April 6, 2006
D-Lib Examines the Million (Digital) Book Library
The March 2006 issue of D-Lib is a special issue that focuses on one topic, the evolution of the digital library. See Table of Contents
Of particular interest is Daniel Cohen's contribution, Data Mining Large Digital Collections. Cohn's writes that through his experience building APIs he has learned three lessons. Lessons, Dan writes, "that are not entirely in accord with key premises of some of those working in the world of digital libraries." They are:
- More emphasis needs to be placed on creating APIs for digital collections.
- Resources that are free to use in any way, even if they are imperfect, are more valuable than those that are gated or use-restricted, even if those resources are qualitatively better.
- Quantity may make up for a lack of quality.

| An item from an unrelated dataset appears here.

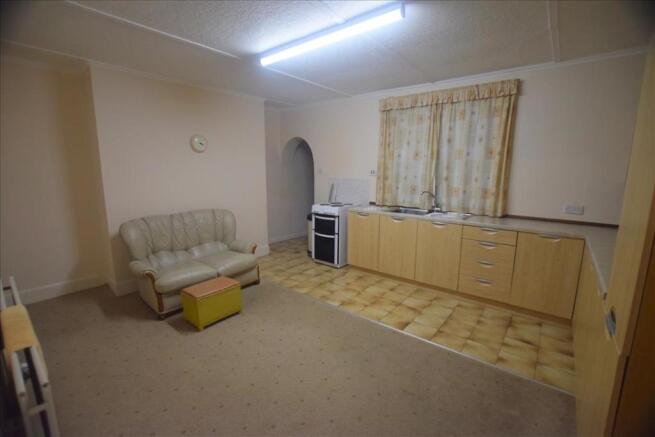 KITCHEN / DINING ROOM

Most controversial of course is Cohn's claim that quantity may trump quality. Cohn explains:
High-quality digitization and thorough text markup may be attractive for those creating digital collections, but a familiarity with information theory and data-mining techniques makes one realize that it may be more worthwhile to digitize a greater number of books or documents at a lower standard for the same cost. ... In our libraries – once analog and now digital – we come across countless similar phrases, wordings, and facts in numerous books, and many books refer to each other through footnotes and bibliographies. This repetition and cross-referencing should allow us to create tools for mining the vast information and knowledge that lies within the nearly limitless digital collections we are about to encounter.